Amanda Foote
2022-01-21

Despite their endurance, the range known as the Canadian Rockies has changed a great deal in the years since Catherine Whyte set out to paint them. Whyte, a pioneer who was instrumental in the social development of Banff, broke the stereotypes of her time as a painter, an outdoors woman, and in her friendships with the neighboring Îethkabi (Stoney Nakoda). By all accounts she was a maverick, someone who made her mark on the land, and this has been her legacy. Yet she was also a settler woman who was an important part of the project to deeply entrench the western status quo in the Bow valley. The way of life that she brought to the region left an indelible mark of its own on the land as well as all its inhabitants. 

The Rockies Repeat collective is working to understand Whyte’s legacy, and to perhaps provide a course correction of sorts. This group of six artists (working with a creative team who produce the projects) have been trekking into the mountains to revisit the sites of Whyte’s artwork. While there they’ve been making new pieces in their own styles, and in this way they document the changes that are present in the land. One of the cornerstones of the project is to represent changes to glaciers, which are projected to disappear from the Rockies within the next hundred years. Climate change has led to loss of the glaciers, this has had a cascading impact on the other aspects of the ecosystem, and the artwork the collective members make demonstrates stark differences.
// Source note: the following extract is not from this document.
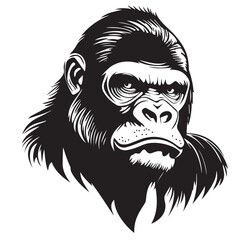 Obraz premium Gorilla in cartoon, doodle style . Image for t-shirt, web, mobile apps and ui. Isolated 2d vector illustration in logo, icon, sketch style, Eps 10, black and white. AI Generative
Yet, another change is equally present in the contemporary works; Caroline Hedin, the project founder and director of a film that documents the collective’s work was intentional about including Indigenous voices. On the treks, Indigenous knowledge keeper artists are joined by a scientist, the production team, as well as settler artists, who each bring their own expertise which they share, teaching others in the process. Sikapinakii, one of three artists who identify as Indigenous in the collective feels that this is one element that could lead to real change; “it’s different, and I really like it.” Sikapinakii (who identifies using they/them pronouns) felt that the non-Indigenous participants brought a genuine humility and desire for knowledge, traits that Sikapinakii also exhibits in conversation as well as through their work. 

Sikapinakii didn’t consider themselves a painter, but knew when they heard about the project bringing together artists with a passion for the environment and mountain lands, that they knew they wanted to join. The process of using a medium that wasn’t typically their first choice was a welcome challenge, and Sikapinakii developed a newfound love of painting that they plan to use in an upcoming Arts Commons exhibition.  

Sikapinakii and the other artists hope that by creating new stories, through the process of their collective work as much as through their finished pieces, they will address climate change through culture and art. The intersectional nature of their process, engaging different art forms, history, and diverse peoples, meets the intersectional nature of the climate change crisis through creative and thoughtful responses. Sikapinakii recognizes that this is a new approach bound in mutual respect, which is an important point of departure from historic relationships “they really romanticized Indigenous people in the past.” Settler attitudes about Indigenous people and the natural environment have brought us to this point in history; with the glaciers nearing the point of no return, the need to find new ways of knowing and doing together has never been more urgent.